Writer/director Rawson Marshall Thurber (We're the Millers, Central Intelligence) preys on instinctual fears. The dizzying heights and ravenous fire are frighteningly realistic. Thurber establishes tension early and skillfully keeps the blood racing throughout. Only in the end can the audience exhale. Granted, there has to be major suspension of disbelief. But that's the fun in a summer disaster flick. Skyscraper isn't quibbling about the details or logic. The film does not try to outsmart you.
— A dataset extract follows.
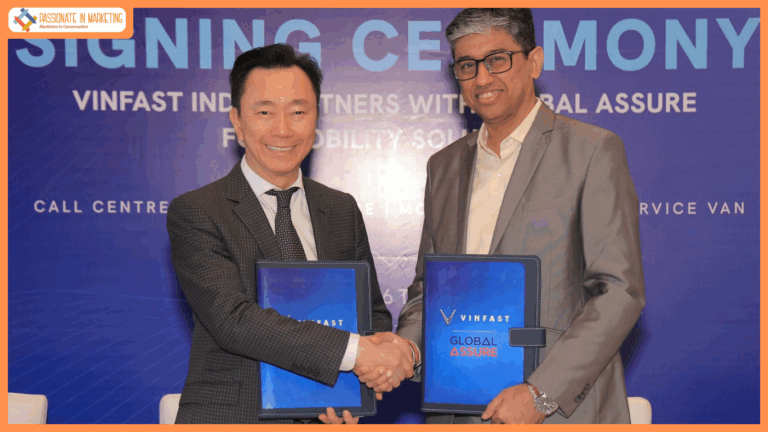 VinFast Signs Global Assure to Strengthen Customer Service Network Across India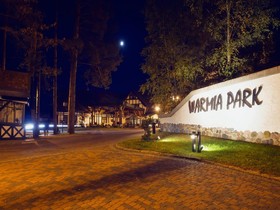 Hotel & Medical SPA WARMIA PARK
One aspect of Skyscraper does have unexpected humor. Chin Han, who plays Zhao, had the exact same role in The Dark Knight. In that film, the Chinese gangster - Lau, escapes Gotham City to a skyscraper in Hong Kong, only to be recaptured by Batman. I could almost imagine Batman swooping in to rescue the Sawyers and Zhao. A friend slyly commented that the police should have turned on the bat signal when the building catches fire. Chin Han is a fine actor with a long and varied career. It's just a bit funny to see him a decade later stuck in the same situation. I firmly understand that only nerds like myself will see this connection.

From Universal Pictures, Skyscraper is a vertigo inducing actioner for a global audience. The state of the art visual effects and production design sell the disaster gloriously. The big reveal won't blow your mind, but does fit neatly in the context of the story. Skyscraper will entertain as long as you accept the premise. Dwayne Johnson has another win at the box office.